From the inside, Gorbachev understood the system was rotting away. A turning
point for him was the government’s knee-jerk cover-up of the Chernobyl nuclear
disaster. “Chernobyl really opened my eyes,” Gorbachev said later. His life, he said,
could be divided into two parts — before Chernobyl and after. His programs of
glasnost, or openness, and perestroika, economic restructuring, changed Russian
society. But his was a gradual, stutter-start revolution, a “revolution by evolutionary
means,” as he put it.

Through the fall of the Berlin Wall, the summit meetings with Ronald Reagan
and the changes in Soviet society, Gorbachev’s efforts to straddle between reformers
and hard-liners satisfied neither side. His personal feud with Yeltsin sowed the seeds
for his fall. Gorbachev, Taubman writes, may have recognized his own “arrogance,
vanity, pride” in Yeltsin. “Gorbachev’s anger may have been aimed at least partly at
himself.”

When the end came, as it inevitably would, the hard-liners turned against him
first, mounting an amateurish coup attempt in 1991 that quickly fell in the face of
popular resistance led by Yeltsin. But it was the reformers who finally did him in, as
Yeltsin then shoved Gorbachev aside. Gorbachev’s final attempt at a comeback, a
tragicomic run against Yeltsin, who was seeking re-election in 1996, yielded a
humiliating 0.5 percent of the vote. That was the Russians’ judgment on the man
who had been awarded the Nobel Peace Prize by the West.

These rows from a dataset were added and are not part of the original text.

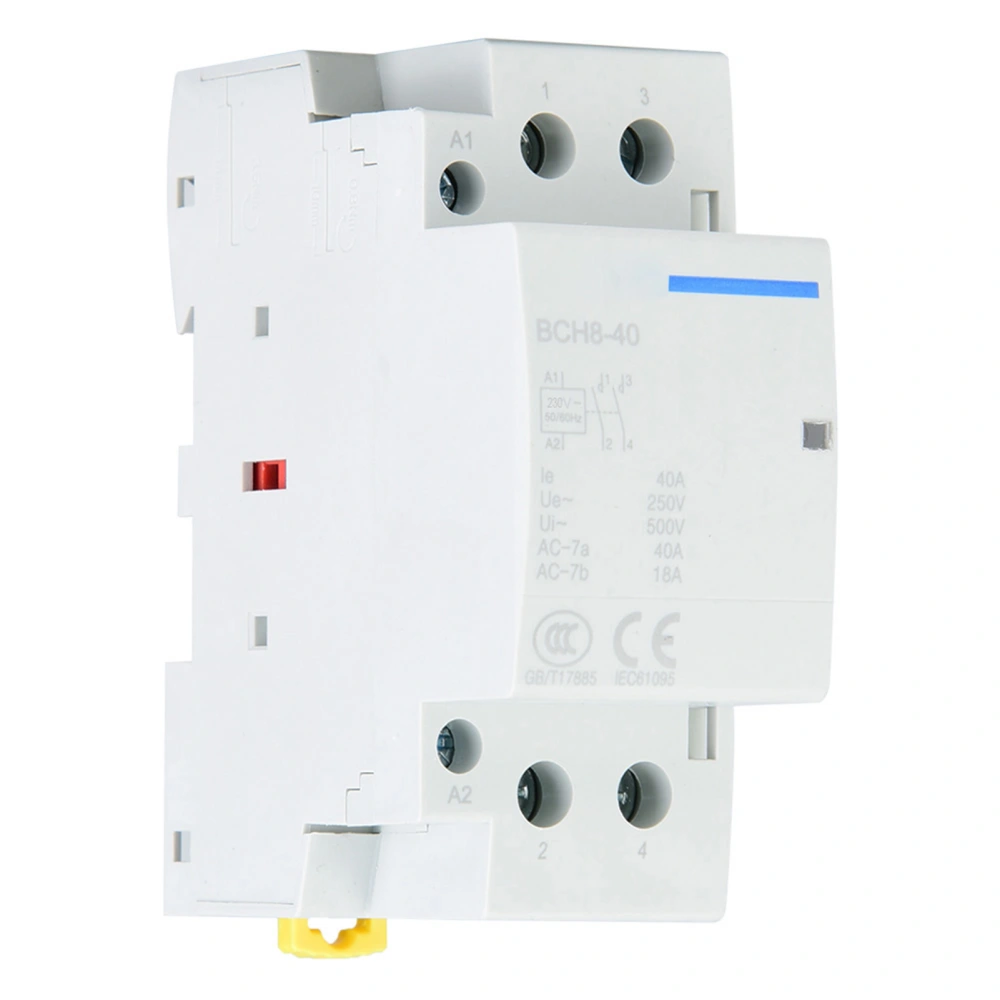 2P 40A Low Power Consumption Household DIN Rail AC Contactor 2NO 50/60HZ 220V/230V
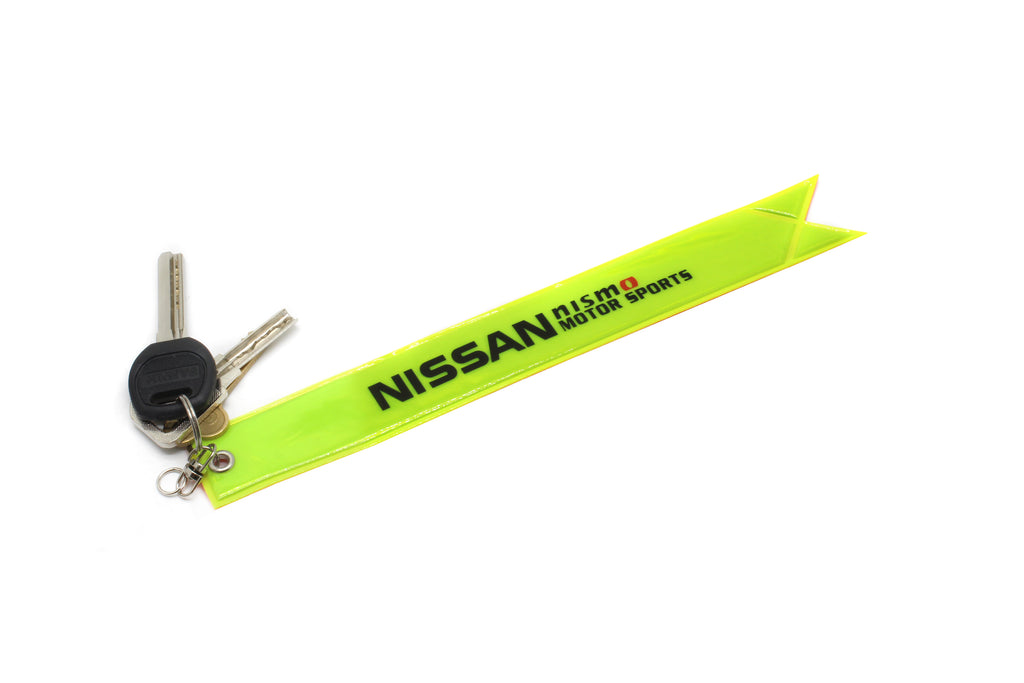 BRAND NEW JDM NISSAN NISMO REFLECTIVE STRIP DOUBLE SIDED KEYCHAIN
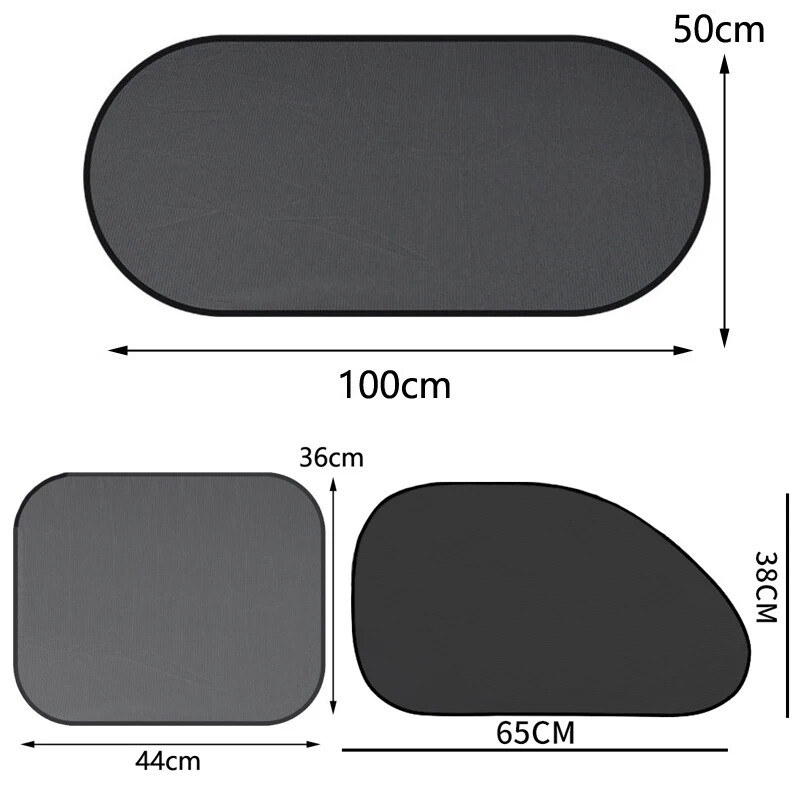 1-5Gb Universālie automašīnu saulessargi, salokāmi auto sānu logi, aizmugurējais vējstikls, sietveida saulessargs, automašīnas vējstikla piederumi, ārpuse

When Yeltsin gave way to Putin at the start of 2000, Russia had changed,
imperfectly, Gorbachev insisted, but still for the better. But it was turning again.
“The truth is that Russia under Vladimir Putin largely abandoned Gorbachev’s path
at home and abroad and returned to its traditional, authoritarian, anti-Western
norm,” Taubman writes. “But that only underlines how exceptional Gorbachev was
as a Russian ruler and world statesman.”

Peter Baker, the chief White House correspondent for The Times and a former Moscow
bureau chief for The Washington Post, is the author with Susan Glasser of “Kremlin
Rising: Vladimir Putin’s Russia and the End of Revolution.”